Une certaine confusion régnait parmi les rédacteurs du journal. On se demandait anxieusement quelles allaient être les réactions européennes. Gallot, naturellement pessimiste, prétendait que les nouvelles venues cette nuit d’Allemagne et d’Italie faisaient craindre que, dans ces deux pays, l’opinion moyenne, la presse, et même une certaine fraction des partis de gauche, ne fussent plutôt favorables au geste autrichien. Stefany pensait, avec Jaurès, qu’à Berlin l’indignation des social-démocrates se manifesterait par des actes énergiques, appelés à avoir un grand retentissement, non seulement en Allemagne, mais hors des frontières allemandes.

À midi, les bureaux se vidèrent. C’était au tour de Stefany d’assurer la permanence, et Jacques proposa de lui tenir compagnie, pour pouvoir jeter un coup d’œil sur le dossier relatif à la convocation du Bureau international, qui devait se réunir la semaine suivante, à Bruxelles. Tous fondaient de grands espoirs sur cette assemblée exceptionnelle. Stefany savait que Vaillant, Keir-Hardie et plusieurs autres chefs du Parti, se proposaient de mettre à l’ordre du jour l’opportunité de la grève générale en cas de guerre.
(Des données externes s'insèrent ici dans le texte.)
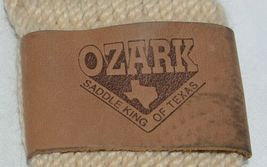 Ozark Saddle King Texas 09134M Roper Style Mohair Girth Cream Color image 3
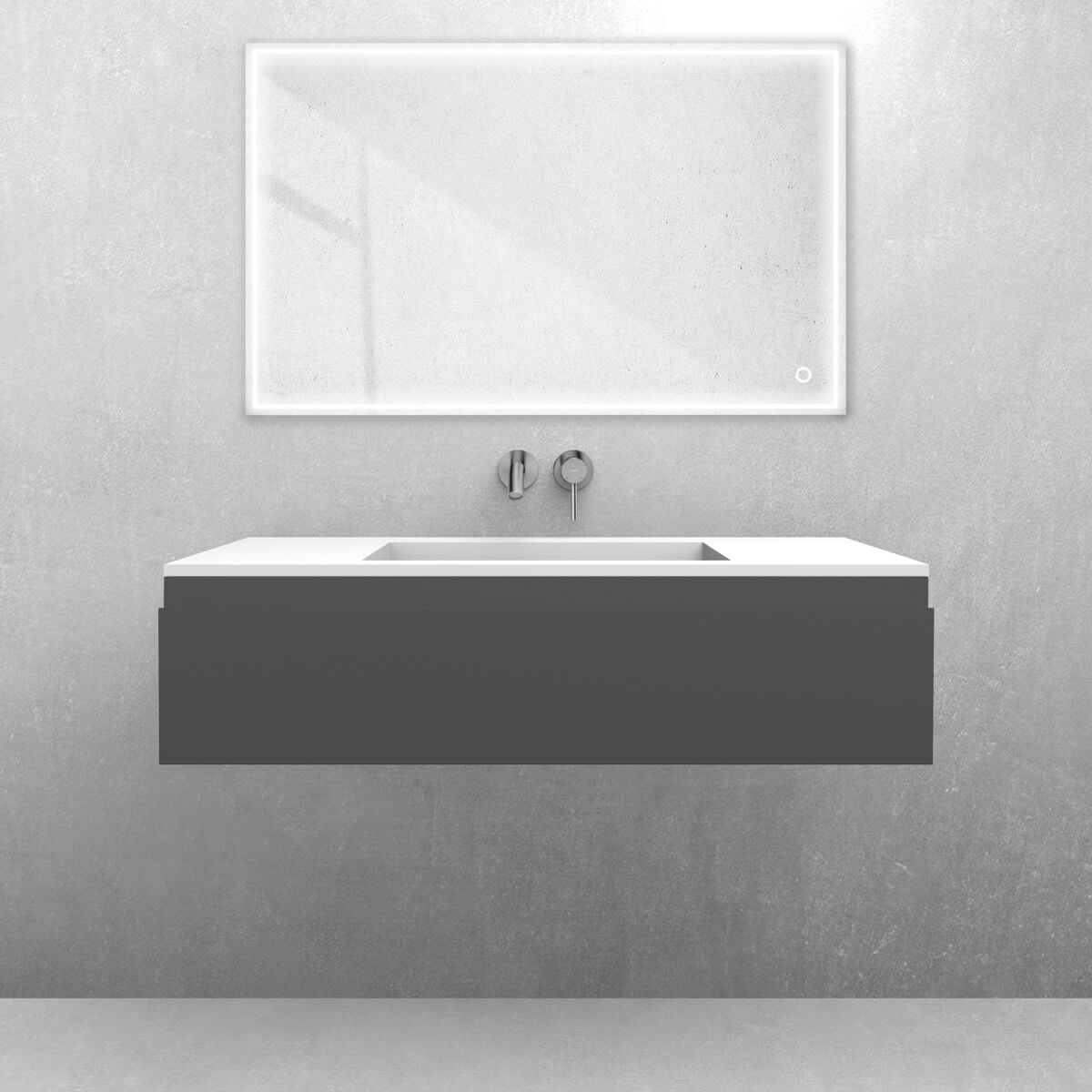 Set lavabo Oltens Stila 40203900, armadietto Oltens Vernal 60011400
Quel accueil les socialistes étrangers, spécialement les Anglais et les Allemands, réservaient-ils à cette question fondamentale ?

À une heure, Jaurès n’avait pas reparu : Jacques descendit pour aller prendre quelque chose au Café du Croissant. Peut-être le Patron y déjeunait-il ?

Il n’y était pas.

 

Jacques cherchait un coin libre, lorsqu’il fut hélé par un jeune Allemand, Kirchenblatt, qu’il avait rencontré à Berlin et revu plusieurs fois à Genève. Kirchenblatt déjeunait avec un camarade, et insista pour que Jacques s’assît à leur table. Le camarade était aussi un Allemand, nommé Wachs ; Jacques ne le connaissait pas.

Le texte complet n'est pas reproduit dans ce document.